Майор высказался, поморгал, отер усы грязным носовым платком и смолк, и так молчал уже до самой ночи. А ночью майор с внезапной энергией и яростью кинулся «рассасывать», как он выразился, гигантскую пробку из машин, подвод и артиллерийского обоза, и Ваня и Жора навсегда потеряли его из виду и тотчас же забыли про него.

До Лихой они добирались двое суток. К тому времени уже стало известно, что на юге бои идут под Новочеркасском, а по той стороне Донца, в широком степном пространстве между Донцом и Доном, действуют прорвавшиеся немецкие танки и моторизованные части.

Но, по слухам, какая-то часть упорно сражалась под Каменском, не пропуская немцев на Лихую. Народная молва из уст в уста передавала фамилию генерала, командира части. Именно ему и его части люди были обязаны тем, что переправы через Нижний Донец все были в наших руках и еще можно было по степным проселкам свободно выйти на Дон и переправиться через него.

В последнюю ночь, измученные несколькими днями пути под слепящим солнцем, Ваня и Жора, не чуя ног, свалились спать на каком-то хуторе, на сеновале.

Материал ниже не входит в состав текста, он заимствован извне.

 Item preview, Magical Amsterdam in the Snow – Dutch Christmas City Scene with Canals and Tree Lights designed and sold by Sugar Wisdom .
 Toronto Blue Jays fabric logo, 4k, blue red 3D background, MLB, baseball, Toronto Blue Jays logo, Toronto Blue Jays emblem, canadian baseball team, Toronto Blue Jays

Их разбудили гулкие бомбовые удары, от которых дрожала пунька.

Солнце еще невысоко стояло над степью, но уже по всему пространству хлебов переливалось знойное, голубовато-золотистое марево, когда Ваня и Жора подходили к гигантскому табору машин, людей и подвод, раскинувшемуся по эту сторону Донца, немного ниже обширной станицы-города на той стороне реки, с зелеными садами, каменными зданиями правительственных и торговых учреждений и школ, многие из которых были превращены в руины бомбардировкой с воздуха и еще дымились.

Весь этот гигантский табор, текучий по своему составу, но имевший и своих старожилов, весь этот табор, пополняясь новыми людьми и транспортом, образовался здесь уже недели две назад и жил своим особенным, неповторимым бытом.

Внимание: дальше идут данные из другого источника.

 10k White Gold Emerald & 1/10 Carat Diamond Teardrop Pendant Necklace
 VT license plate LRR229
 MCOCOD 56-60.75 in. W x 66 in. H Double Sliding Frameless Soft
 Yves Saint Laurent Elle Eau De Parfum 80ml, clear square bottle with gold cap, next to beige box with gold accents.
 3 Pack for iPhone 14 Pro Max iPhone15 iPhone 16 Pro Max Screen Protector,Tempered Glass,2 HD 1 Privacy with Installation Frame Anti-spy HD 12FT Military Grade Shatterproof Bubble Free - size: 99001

Это была невообразимая смесь остатков воинских подразделений, коллективов учреждений и предприятий, всех видов транспорта, беженцев всех социальных категорий, возрастов и семейных положений. И все усилия, все внимание, вся деятельность этих людей были направлены на то, чтобы как можно ближе придвинуться к реке, к узкой полоске наплавного моста через Донец.

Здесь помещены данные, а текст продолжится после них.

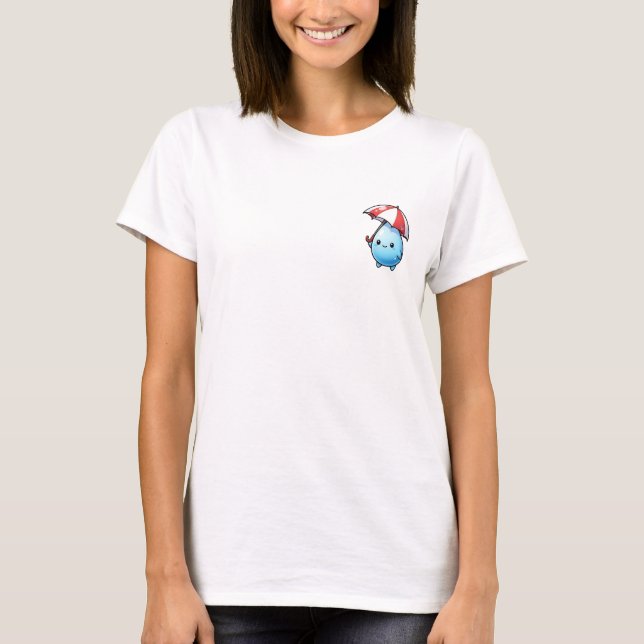 Cheerful Kawaii Water Droplet Character with Red T-Shirt (Front)
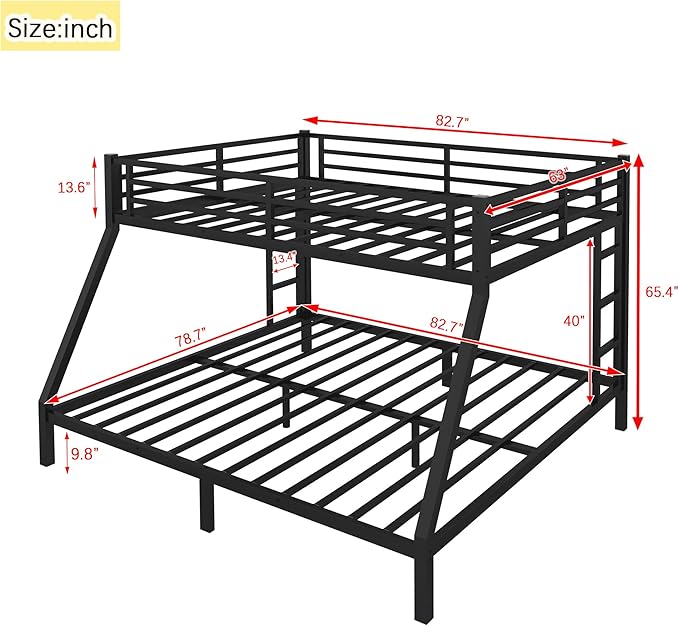 Upgraded Version Thicken Stronger Metal Queen Over King Bunk Bed, Heavy-Duty Best Bunk Bed Queen Over King Size, Bunkbed Frame for Adults with Ladders, Easy Assemble (Queen Over King)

Но если все усилия людей, сгрудившихся в таборе, сводились к тому, чтобы попасть на мост, — все усилия военных людей, ведавших переправой, сводились к тому, чтобы не пустить этих людей на мост, а в первую очередь дать переправиться частям Красной Армии, отходящим на новые рубежи обороны между Донцом и Доном.